The Turquoise Trail is a well-maintained, paved two-lane highway that winds through the eastern foothills of the Sandia Mountains, which form Albuquerque’s eastern wall, and the Ortiz Mountains where the old west mining towns of Golden, Madrid and Cerrillos are located, before descending into Santa Fe. As you crest the hills and dip into the valleys, you’ll catch glimpses of buttes, mesas and other fantastic land formations in the distance as well as the peaks of the Sangre de Christos, snowy much of the year.
NM14 was an anonymous backroad until 1953 when the Albuquerque Chamber of Commerce held a contest to find it a suitably appealing name. Rita Simmons won a matched set of luggage for her winning entry and the Turquoise Trail was born.
The mining history of the Ortiz Mountains and the area’s connection to turquoise goes back to prehistoric times. Pueblo Indians were mining the stones now known as Cerrillos turquoise by 900 and probably much, much earlier. Although the colors of Cerrillos turquoise run the full gamut of blues from pale robin’s egg to deep teal, it is the green stones flecked with gold pyrite that are world famous.
Cerrillos turquoise has been found in archeological sites throughout the Southwest as well as in Mexico in Aztec and Mayan royal tombs. It captivated Conquistador Francisco Coronado so much that he sent several large nuggets back to Spain in 1541. They are still part of the Spanish monarchy’s collection of crown jewels.
The Tall Tale of Madrid
Madrid, the main town along the Turquoise Trail, is about 45 miles north of Albuquerque and about 30 miles south of Santa Fe. NM14 runs through the center of town. If you’re traveling on the Turquoise Trail, in other words, you can’t miss Madrid. And the minute you catch site of the bigger than life metallic sculptures and brightly painted cottages, you’ll know it’s not a typical mountain outpost.

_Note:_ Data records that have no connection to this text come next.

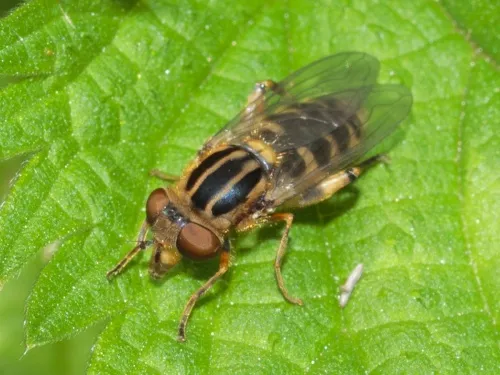 Anasimyia lineata - photo 8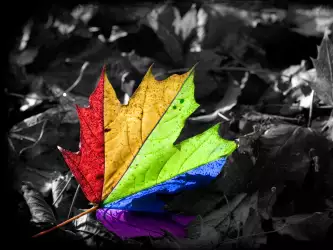 Rainbow Leaf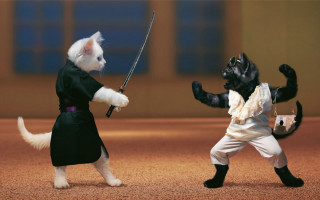 Dog swords dirt action furry - one dog free wallpaper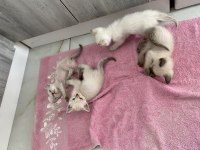 Bir buçuk aylık siyam kedisi yavrularımız
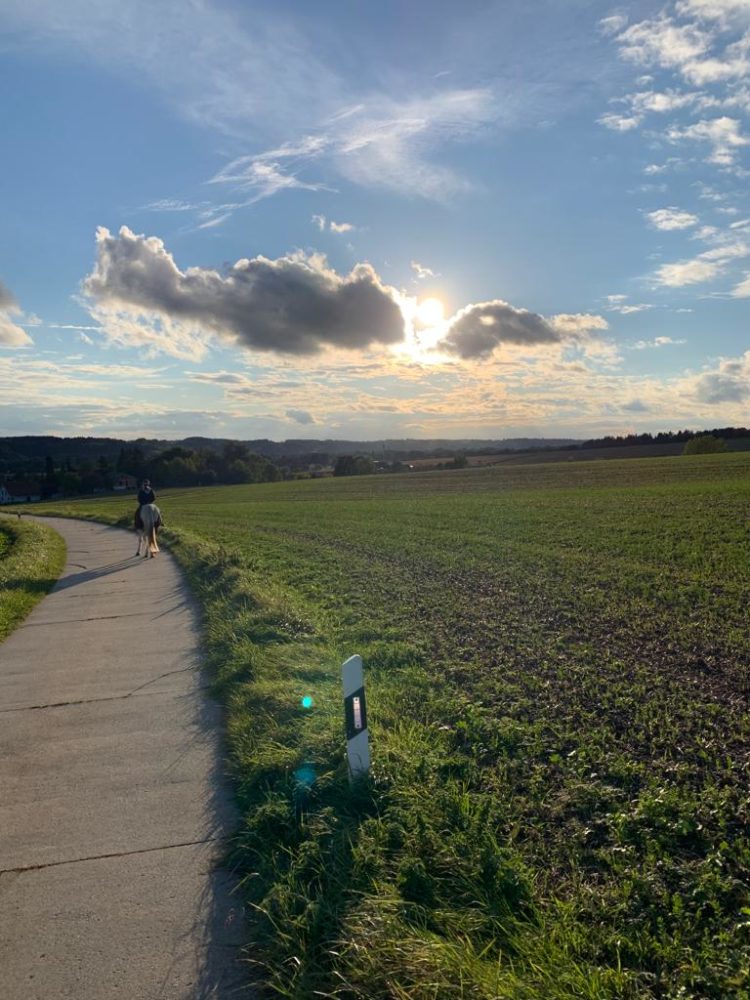 Sonnenuntergang 🌅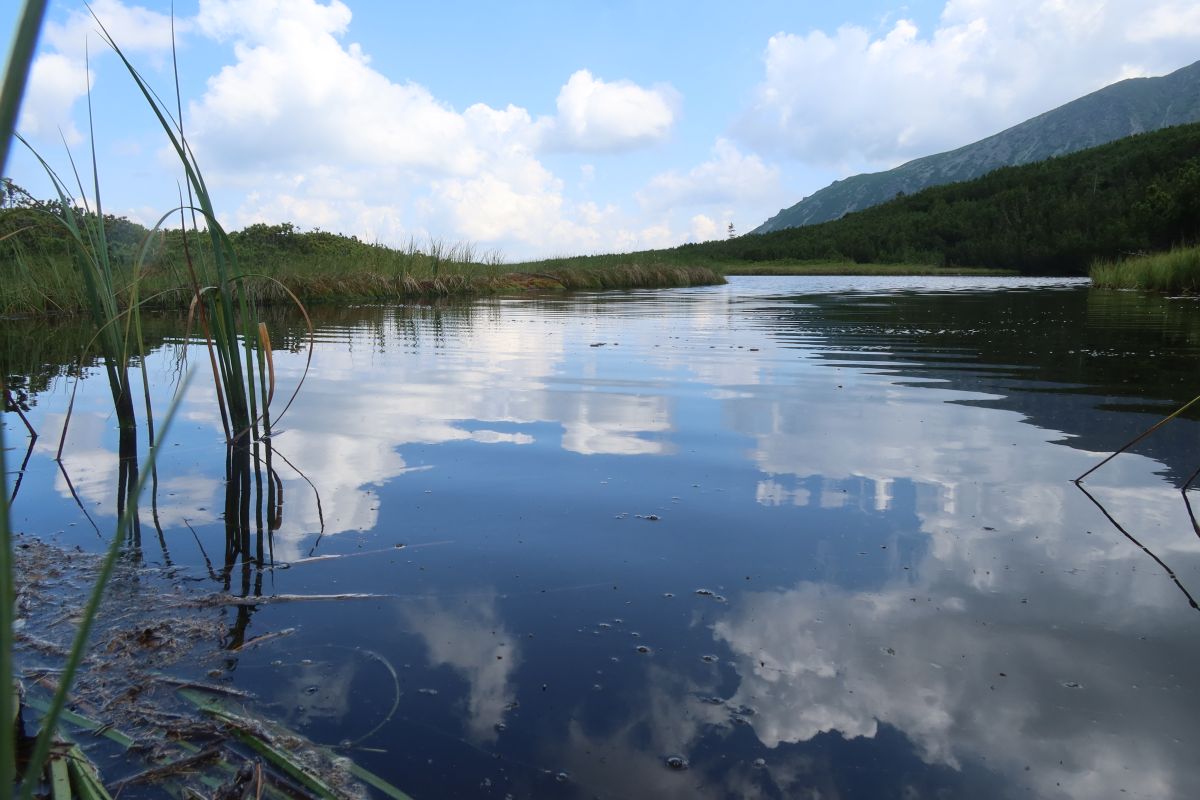 Trojrohé pleso: závan Laponska!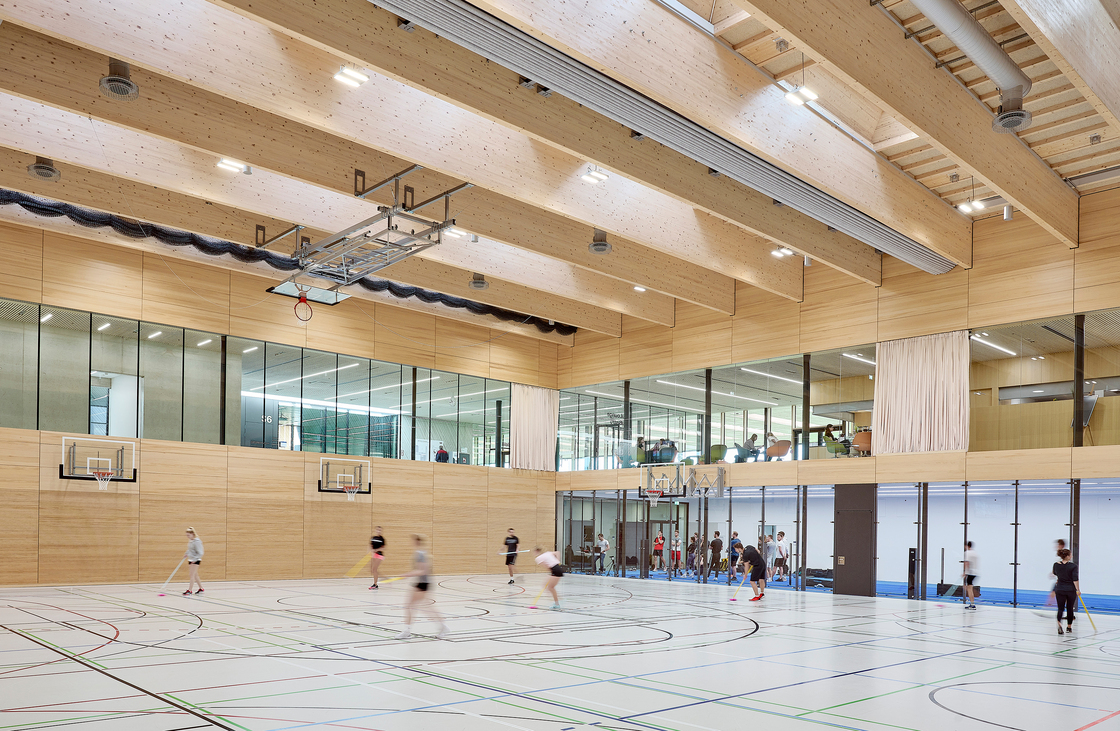 Ein Foto von David Matthiessen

The speed limit in Madrid is 20mph. Most people go even slower as they drive through about 2 miles of art galleries and shops offering antiques, wind chimes, stained glass sun catchers, vintage clothing, minerals, fossils and amazing pieces of handmade silver and turquoise jewelry. There are also a mining museum, a couple of restaurants, bars and coffee shops and an outdoor photo park with wooden cutouts you can stick your head through. The shops and businesses occupy little frame houses that used to be coal miners’ homes.

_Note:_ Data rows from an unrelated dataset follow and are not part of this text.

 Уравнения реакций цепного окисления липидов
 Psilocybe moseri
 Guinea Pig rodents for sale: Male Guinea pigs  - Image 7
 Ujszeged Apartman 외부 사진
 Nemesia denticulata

Coal was discovered in the Ortiz Mountains in the mid-1800s and mining quickly became big business. Madrid started life during the coal boom as a squatters camp known as Coal Gulch. In 1895 the Cerrillos Coal Company began transforming the camp into a town.
There were no carpenters in the area. No construction companies, no building supply establishments. There wasn’t even a place to buy a bag of nails. So the Cerrillos Coal Company imported everything they needed to get their town established including housing.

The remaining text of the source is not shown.